_WHAT IS BEING ASKED:_ From first line to last, transcribe the listing exactly and skip any image.

_SUPPLIED DATA:_

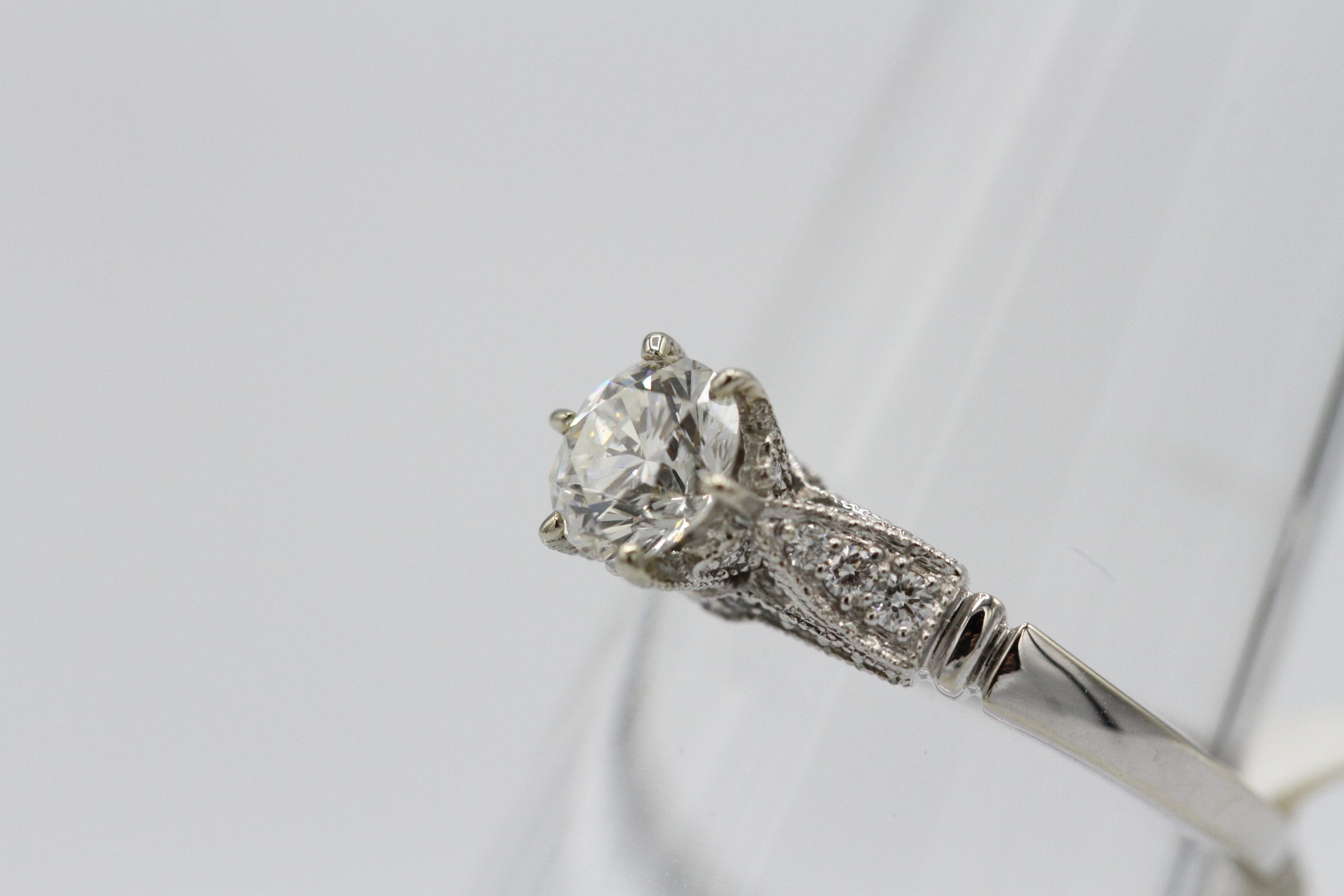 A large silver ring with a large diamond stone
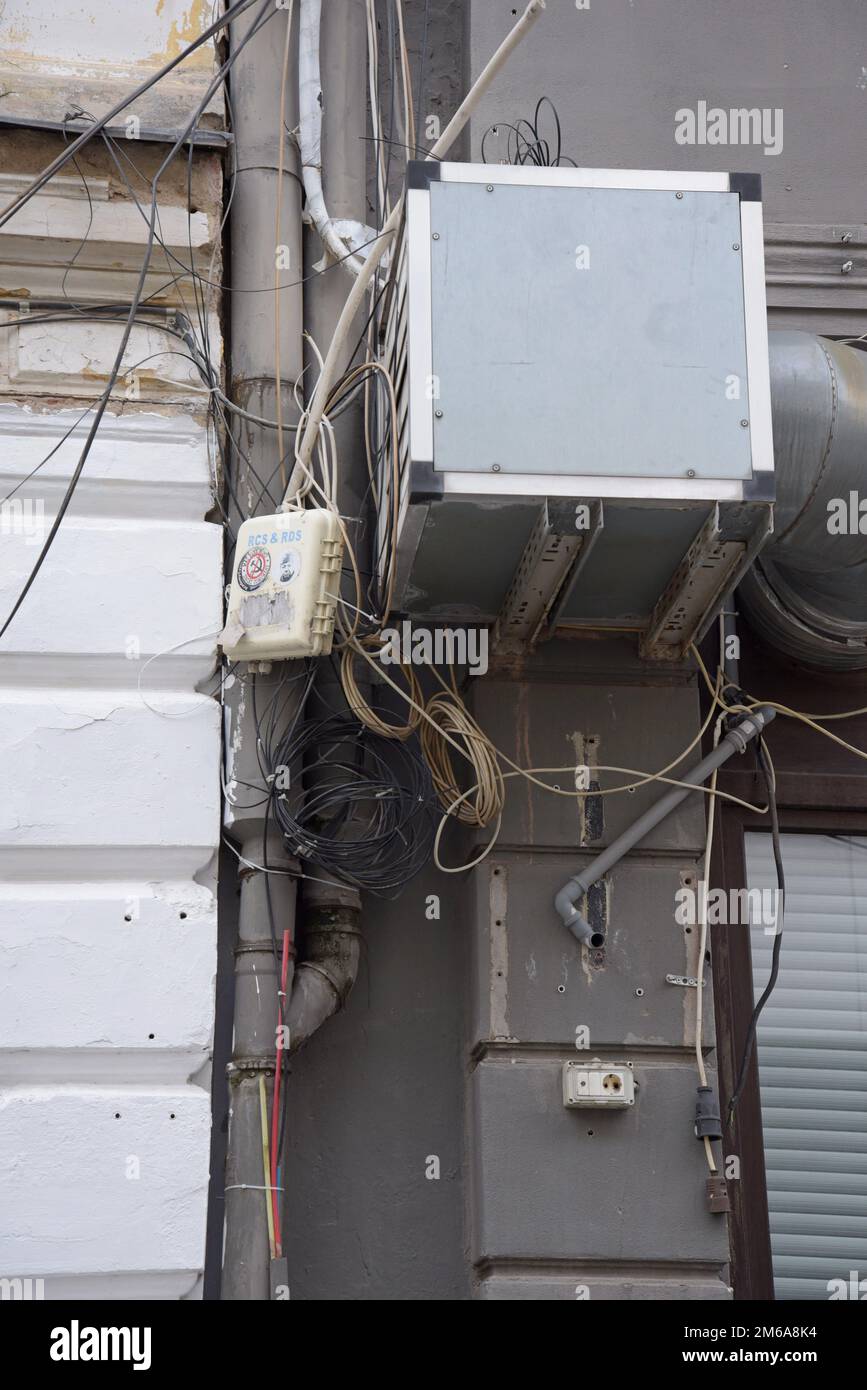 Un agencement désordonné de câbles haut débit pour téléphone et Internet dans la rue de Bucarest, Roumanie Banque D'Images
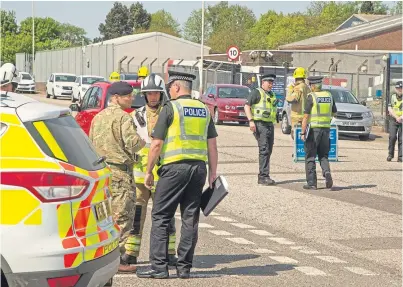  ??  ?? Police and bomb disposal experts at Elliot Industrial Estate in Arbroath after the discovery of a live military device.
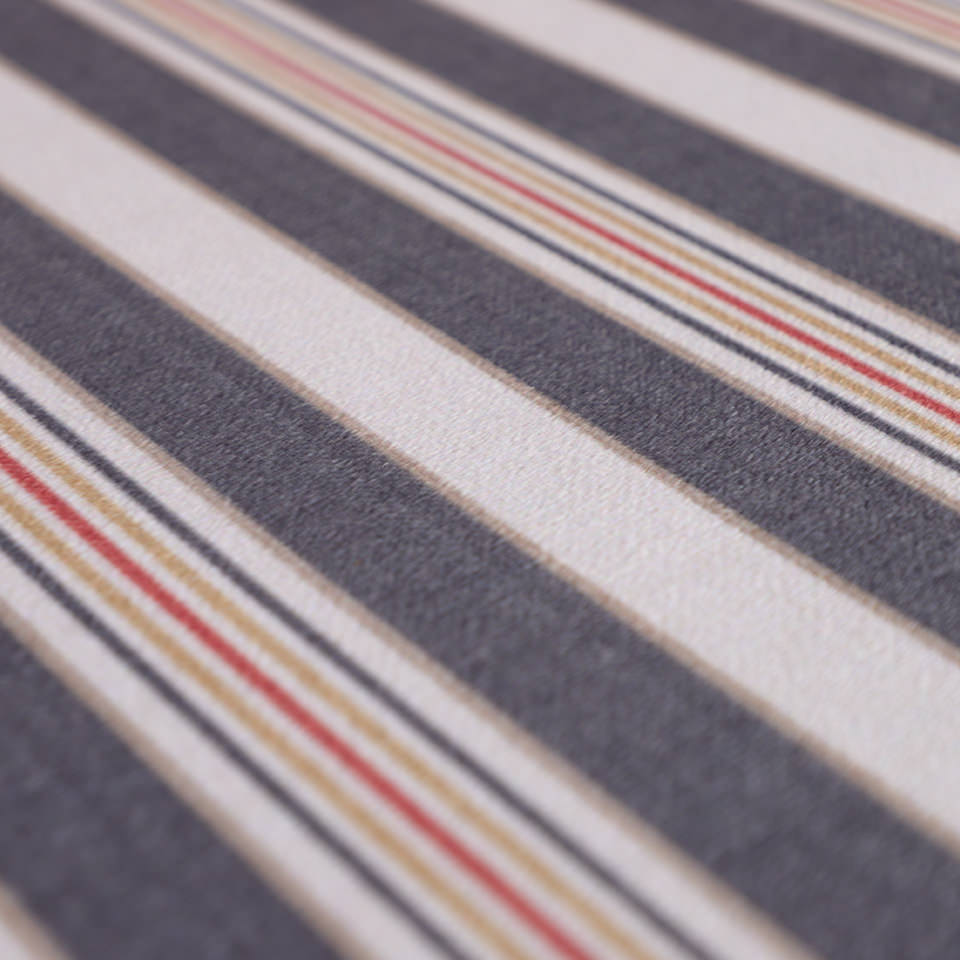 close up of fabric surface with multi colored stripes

_COMPLETED TASK:_
 A large silver ring with a large diamond stone
 Un agencement désordonné de câbles haut débit pour téléphone et Internet dans la rue de Bucarest, Roumanie Banque D'Images
  ??  ?? Police and bomb disposal experts at Elliot Industrial Estate in Arbroath after the discovery of a live military device.
 close up of fabric surface with multi colored stripes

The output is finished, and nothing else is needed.